• _Task objective_:
Give back the lines below verbatim, omitting all pictures.

Top of Dataset excerpts

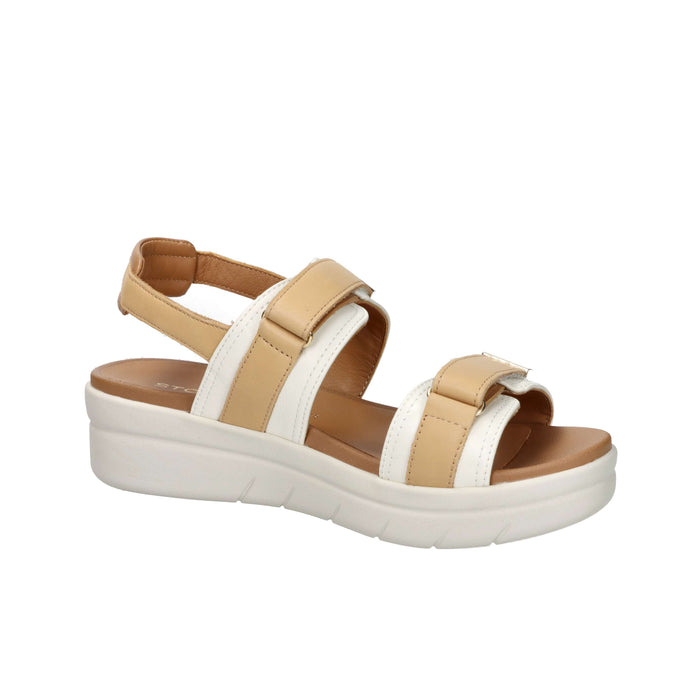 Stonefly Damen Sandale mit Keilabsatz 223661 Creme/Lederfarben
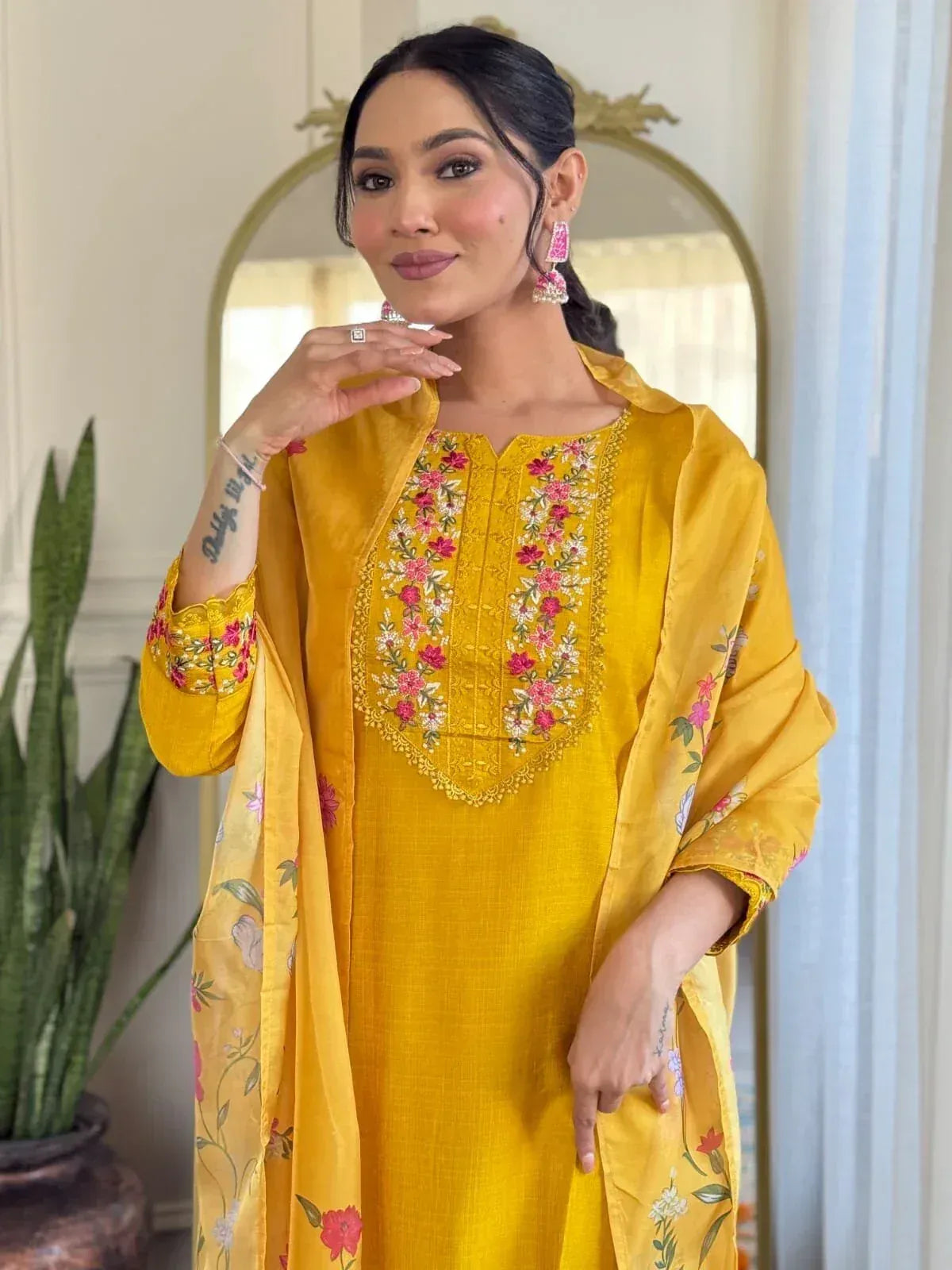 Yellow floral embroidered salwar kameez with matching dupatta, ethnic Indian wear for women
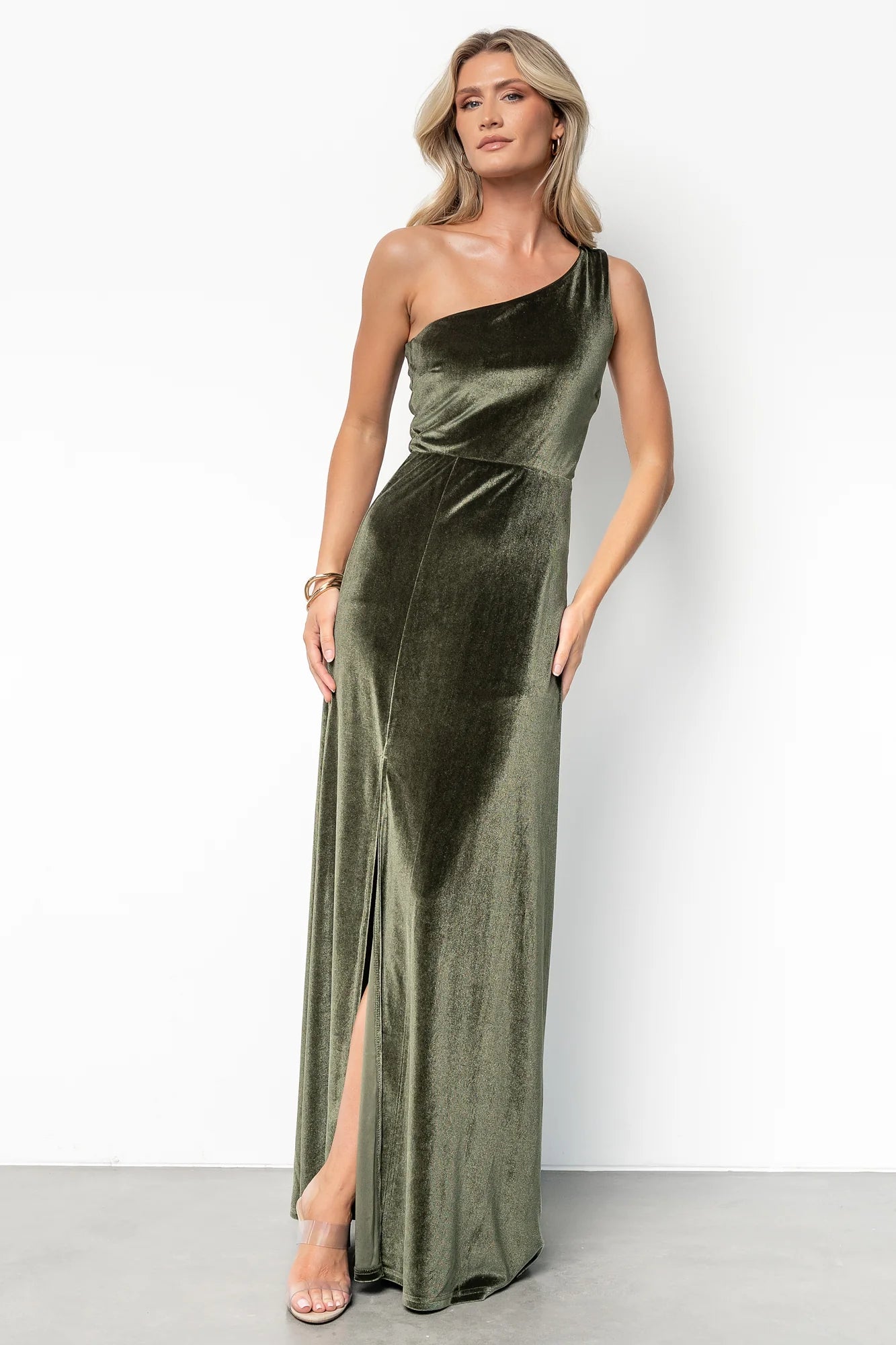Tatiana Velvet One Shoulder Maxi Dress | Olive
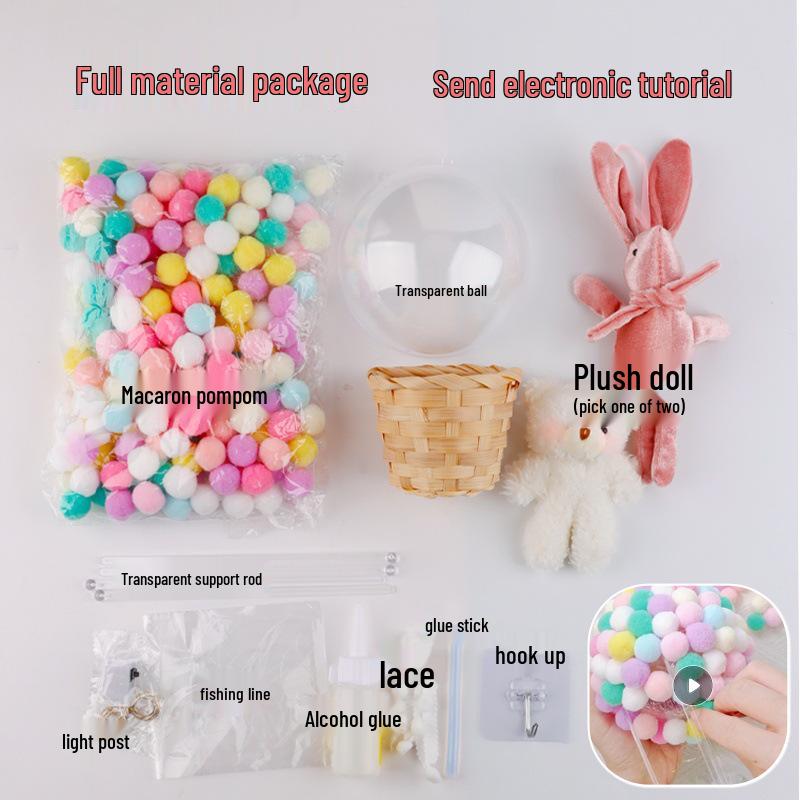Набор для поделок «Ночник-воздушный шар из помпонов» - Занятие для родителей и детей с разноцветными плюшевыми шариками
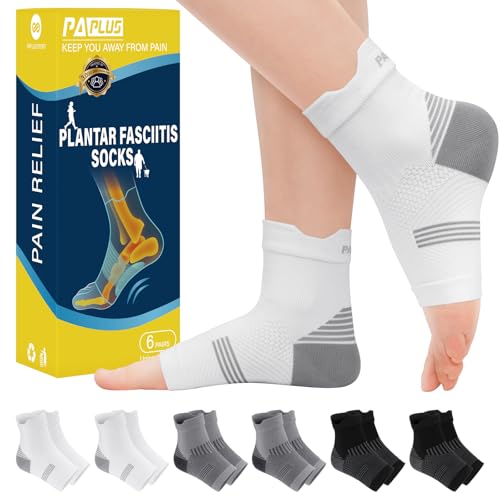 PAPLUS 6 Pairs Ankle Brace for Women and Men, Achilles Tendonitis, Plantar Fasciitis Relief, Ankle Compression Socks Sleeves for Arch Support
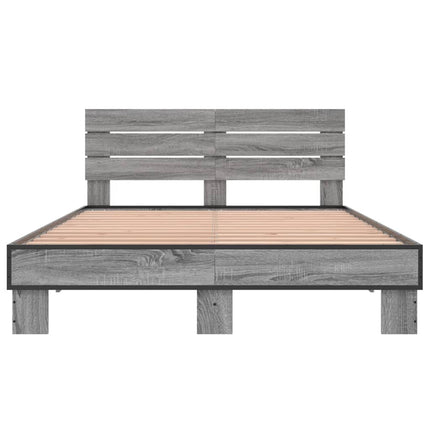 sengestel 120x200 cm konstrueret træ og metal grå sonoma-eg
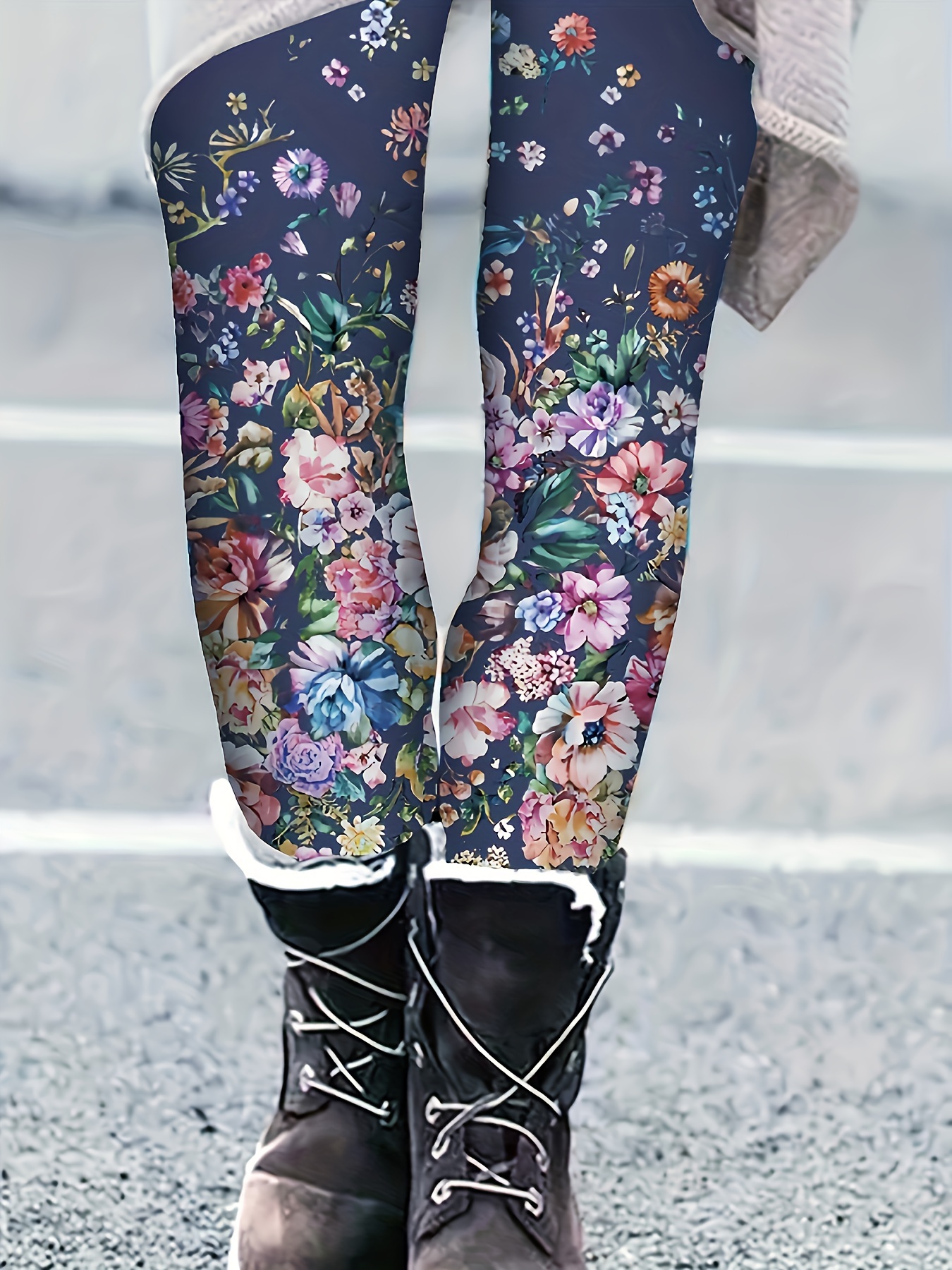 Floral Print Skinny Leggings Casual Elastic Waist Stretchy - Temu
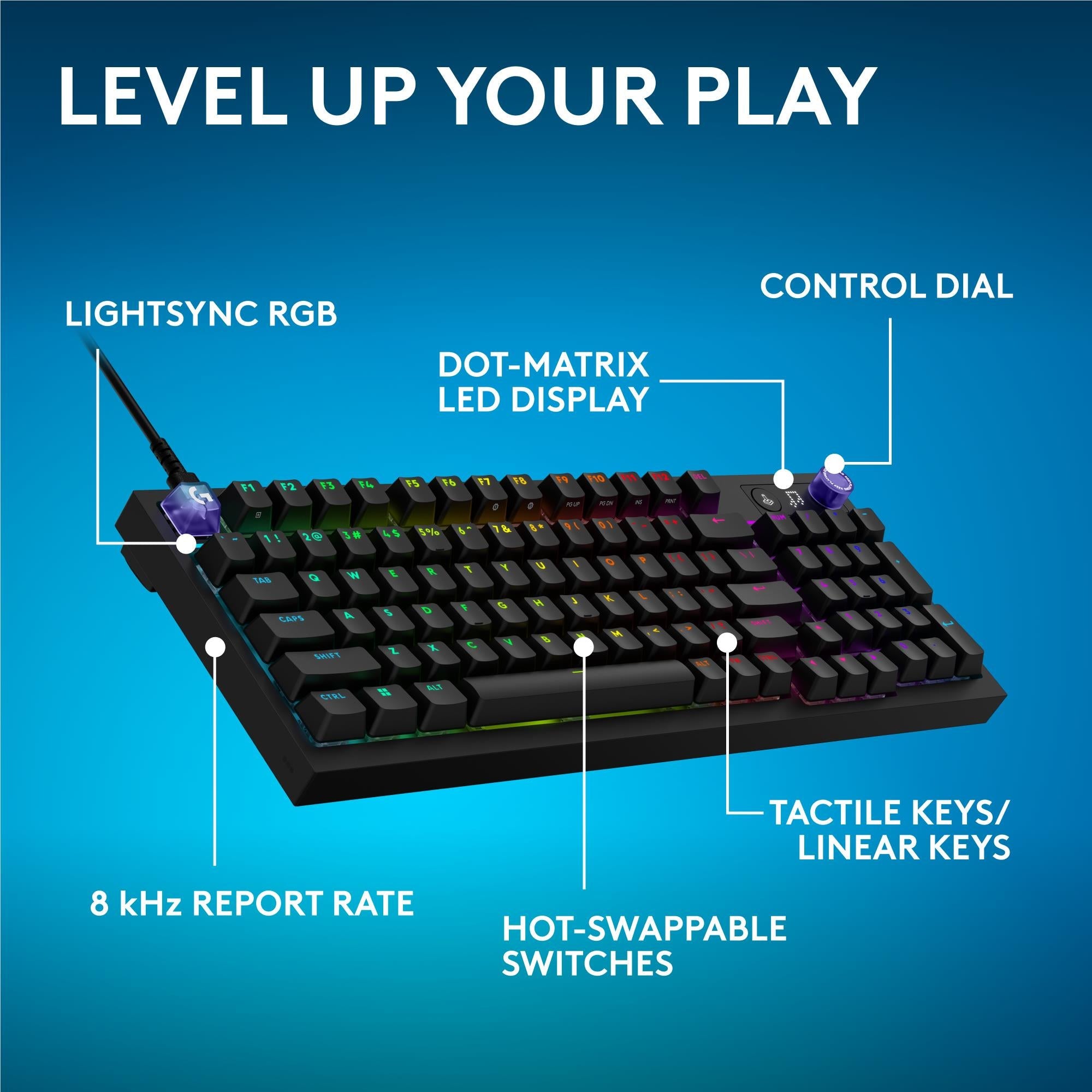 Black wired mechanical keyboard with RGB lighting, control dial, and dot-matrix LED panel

Bottom of Dataset excerpts

• _Exercise result_:
 Stonefly Damen Sandale mit Keilabsatz 223661 Creme/Lederfarben
 Yellow floral embroidered salwar kameez with matching dupatta, ethnic Indian wear for women
Tatiana Velvet One Shoulder Maxi Dress | Olive
Набор для поделок «Ночник-воздушный шар из помпонов» - Занятие для родителей и детей с разноцветными плюшевыми шариками
 PAPLUS 6 Pairs Ankle Brace for Women and Men, Achilles Tendonitis, Plantar Fasciitis Relief, Ankle Compression Socks Sleeves for Arch Support
 sengestel 120x200 cm konstrueret træ og metal grå sonoma-eg
 Floral Print Skinny Leggings Casual Elastic Waist Stretchy - Temu
 Black wired mechanical keyboard with RGB lighting, control dial, and dot-matrix LED panel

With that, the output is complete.